WORK REQUIRED:
The entries below must be retyped in full. Keep every word the same.

(Beginning of DATA FOR THIS EXERCISE)

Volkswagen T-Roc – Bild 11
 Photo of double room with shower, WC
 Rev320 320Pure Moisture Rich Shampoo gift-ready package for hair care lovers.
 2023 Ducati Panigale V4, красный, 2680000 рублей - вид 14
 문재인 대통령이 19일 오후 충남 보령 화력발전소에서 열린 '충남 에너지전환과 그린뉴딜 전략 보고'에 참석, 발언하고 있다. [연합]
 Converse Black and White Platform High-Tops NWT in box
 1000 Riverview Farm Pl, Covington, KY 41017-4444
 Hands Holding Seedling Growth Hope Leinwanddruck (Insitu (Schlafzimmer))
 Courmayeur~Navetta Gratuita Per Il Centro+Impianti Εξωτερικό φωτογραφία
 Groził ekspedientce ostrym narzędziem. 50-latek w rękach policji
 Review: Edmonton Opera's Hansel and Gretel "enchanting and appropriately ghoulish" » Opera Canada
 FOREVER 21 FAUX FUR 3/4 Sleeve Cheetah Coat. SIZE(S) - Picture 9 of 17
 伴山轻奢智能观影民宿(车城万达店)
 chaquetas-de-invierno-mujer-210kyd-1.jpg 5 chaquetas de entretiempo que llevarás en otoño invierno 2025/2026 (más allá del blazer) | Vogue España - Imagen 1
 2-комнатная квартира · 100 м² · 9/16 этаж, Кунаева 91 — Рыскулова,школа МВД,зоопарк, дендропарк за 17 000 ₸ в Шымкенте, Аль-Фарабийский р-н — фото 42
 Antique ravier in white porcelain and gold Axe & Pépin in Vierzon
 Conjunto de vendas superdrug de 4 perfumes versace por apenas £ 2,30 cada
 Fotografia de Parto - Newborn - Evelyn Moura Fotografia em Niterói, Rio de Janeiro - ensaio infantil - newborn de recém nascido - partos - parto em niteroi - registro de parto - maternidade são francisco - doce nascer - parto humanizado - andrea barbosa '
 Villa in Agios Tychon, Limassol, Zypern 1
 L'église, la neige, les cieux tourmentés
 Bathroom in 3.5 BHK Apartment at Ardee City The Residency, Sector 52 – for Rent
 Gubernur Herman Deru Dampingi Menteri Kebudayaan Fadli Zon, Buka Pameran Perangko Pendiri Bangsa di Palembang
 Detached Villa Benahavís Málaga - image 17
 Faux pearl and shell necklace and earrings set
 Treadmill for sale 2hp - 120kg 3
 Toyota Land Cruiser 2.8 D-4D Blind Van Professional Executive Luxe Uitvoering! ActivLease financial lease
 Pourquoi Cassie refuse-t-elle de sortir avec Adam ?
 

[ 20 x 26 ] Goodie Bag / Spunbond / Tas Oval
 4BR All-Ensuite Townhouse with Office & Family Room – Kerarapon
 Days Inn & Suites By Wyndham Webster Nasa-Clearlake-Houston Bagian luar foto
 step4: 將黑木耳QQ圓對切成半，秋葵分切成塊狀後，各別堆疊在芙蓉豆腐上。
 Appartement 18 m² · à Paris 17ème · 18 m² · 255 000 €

(End of DATA FOR THIS EXERCISE)

RESULT:
Volkswagen T-Roc – Bild 11
 Photo of double room with shower, WC
 Rev320 320Pure Moisture Rich Shampoo gift-ready package for hair care lovers.
 2023 Ducati Panigale V4, красный, 2680000 рублей - вид 14
 문재인 대통령이 19일 오후 충남 보령 화력발전소에서 열린 '충남 에너지전환과 그린뉴딜 전략 보고'에 참석, 발언하고 있다. [연합]
 Converse Black and White Platform High-Tops NWT in box
 1000 Riverview Farm Pl, Covington, KY 41017-4444
 Hands Holding Seedling Growth Hope Leinwanddruck (Insitu (Schlafzimmer))
 Courmayeur~Navetta Gratuita Per Il Centro+Impianti Εξωτερικό φωτογραφία
 Groził ekspedientce ostrym narzędziem. 50-latek w rękach policji
 Review: Edmonton Opera's Hansel and Gretel "enchanting and appropriately ghoulish" » Opera Canada
 FOREVER 21 FAUX FUR 3/4 Sleeve Cheetah Coat. SIZE(S) - Picture 9 of 17
 伴山轻奢智能观影民宿(车城万达店)
 chaquetas-de-invierno-mujer-210kyd-1.jpg 5 chaquetas de entretiempo que llevarás en otoño invierno 2025/2026 (más allá del blazer) | Vogue España - Imagen 1
 2-комнатная квартира · 100 м² · 9/16 этаж, Кунаева 91 — Рыскулова,школа МВД,зоопарк, дендропарк за 17 000 ₸ в Шымкенте, Аль-Фарабийский р-н — фото 42
 Antique ravier in white porcelain and gold Axe & Pépin in Vierzon
 Conjunto de vendas superdrug de 4 perfumes versace por apenas £ 2,30 cada
 Fotografia de Parto - Newborn - Evelyn Moura Fotografia em Niterói, Rio de Janeiro - ensaio infantil - newborn de recém nascido - partos - parto em niteroi - registro de parto - maternidade são francisco - doce nascer - parto humanizado - andrea barbosa '
 Villa in Agios Tychon, Limassol, Zypern 1
 L'église, la neige, les cieux tourmentés
 Bathroom in 3.5 BHK Apartment at Ardee City The Residency, Sector 52 – for Rent
 Gubernur Herman Deru Dampingi Menteri Kebudayaan Fadli Zon, Buka Pameran Perangko Pendiri Bangsa di Palembang
 Detached Villa Benahavís Málaga - image 17
 Faux pearl and shell necklace and earrings set
 Treadmill for sale 2hp - 120kg 3
 Toyota Land Cruiser 2.8 D-4D Blind Van Professional Executive Luxe Uitvoering! ActivLease financial lease
 Pourquoi Cassie refuse-t-elle de sortir avec Adam ?
 

[ 20 x 26 ] Goodie Bag / Spunbond / Tas Oval
 4BR All-Ensuite Townhouse with Office & Family Room – Kerarapon
 Days Inn & Suites By Wyndham Webster Nasa-Clearlake-Houston Bagian luar foto
 step4: 將黑木耳QQ圓對切成半，秋葵分切成塊狀後，各別堆疊在芙蓉豆腐上。
 Appartement 18 m² · à Paris 17ème · 18 m² · 255 000 €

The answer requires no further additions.